305671,Jones,Bob,Electrical Engineering,3.1
987621,Wong,Chen,Computer Science,3.85
323232,Rubio,Marco,Computer Information Systems,3.8
564321,Awful,Student,Computer Science,Y,2.2
769889,Boy,Sili,Computer Information Systems,Y,3.9
156421,McGill,Tom,Electrical Engineering,3.4
999999,Genius,Real,Physics,4

我可以使用什么代码来实现这一目标。 请记住 pandas 是不允许的,我不能给文件头来让事情变得更容易。 我必须完全按原样使用它们。 谢谢!

编辑:我道歉我没有包括我的代码。 我不经常使用这个引用,并且在发布之前我没有熟悉规则。 抱歉,这是我目前所拥有的:但是这段代码不起作用:

with open('StudentsMajorsList.csv','r') as f2:
    reader = csv.reader(f2)
    dict2 = {row[0]: row[1:] for row in reader}

with open('GPAList.csv','r') as f1:
    reader = csv.reader(f1)
    dict1 = OrderedDict((row[0], row[1:]) for row in reader)

result = OrderedDict()
for d in (dict1, dict2):
    for key, value in dict.items():
        result.setdefault(key, []).extend(value)

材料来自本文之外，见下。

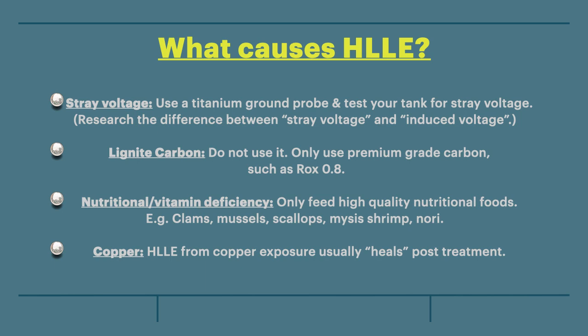Second theory: lignite carbon. Do not use it. Only use premium grade carbon, such as ROK 0.8.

with open('FullRoster.csv', 'w') as f:
    w = csv.writer(f)
    for key, value in result.items():
        w.writerow([key] + value)
# usage: merge_csv.py <file1> <file2> <output>
# example: merge_csv.py file1.csv file2.csv file3.csv
import csv
import sys


def merge_csv(file1, file2, output):
    with open(file1, 'r') as f1, open(file2, 'r') as f2, open(output, 'w') as f3:
        reader1 = csv.reader(f1)
        reader2 = csv.reader(f2)
        writer = csv.writer(f3)
        for row1, row2 in zip(reader1, reader2):
            if row1[0] == row2[0]:
                writer.writerow(row1 + row2[1:])
            elif row1[0] < row2[0]:
                writer.writerow(row1)
            else:
                writer.writerow(row2)


if __name__ == '__main__':
    merge_csv(sys.argv[1], sys.argv[2], sys.argv[3])
    print('done')

这就是我要做的:

import csv

with open('StudentsMajorsList.csv', newline='') as file:
    reader = csv.reader(file)
    data1 = list(reader)
    
with open('GPAList.csv', newline='') as file:
    reader = csv.reader(file)
    data2 = list(reader)

merge1 = []
merge2 = []
merge3 = []

for list1 in data1:
    for item in list1:
        x = item.split(',')
    merge1.append(x)
        
for list2 in data2:
    for item in list2:
        x = item.split(',')
    merge2.append(x)
    
for i in range(len(merge1)):
    for j in range(len(merge2)):
        if(merge1[i][0] == merge2[j][0]):
            merge3.append(merge1[i][0:])
            merge3[i].append(merge2[j][1])

for item in merge3:
    for i in item:
        if (i == ''):
            item.remove(i)
            
for item in range(len(merge3)):
    print(merge3[item])
    
with open('FullRoster.csv', 'w') as csvfile:
    csvwriter = csv.writer(csvfile)
    csvwriter.writerows(merge3)

Output:

['305671', 'Jones', 'Bob', 'Electrical Engineering', '3.1']
['987621', 'Wong', 'Chen', 'Computer Science', '3.85']
['323232', 'Rubio', 'Marco', 'Computer Information Systems', '3.8']
['564321', 'Awful', 'Student', 'Computer Science', 'Y', '2.2']
['769889', 'Boy', 'Sili', 'Computer Information Systems', 'Y', '3.9']
['156421', 'McGill', 'Tom', 'Electrical Engineering', '3.4']
['999999', 'Genius', 'Real', 'Physics', '4']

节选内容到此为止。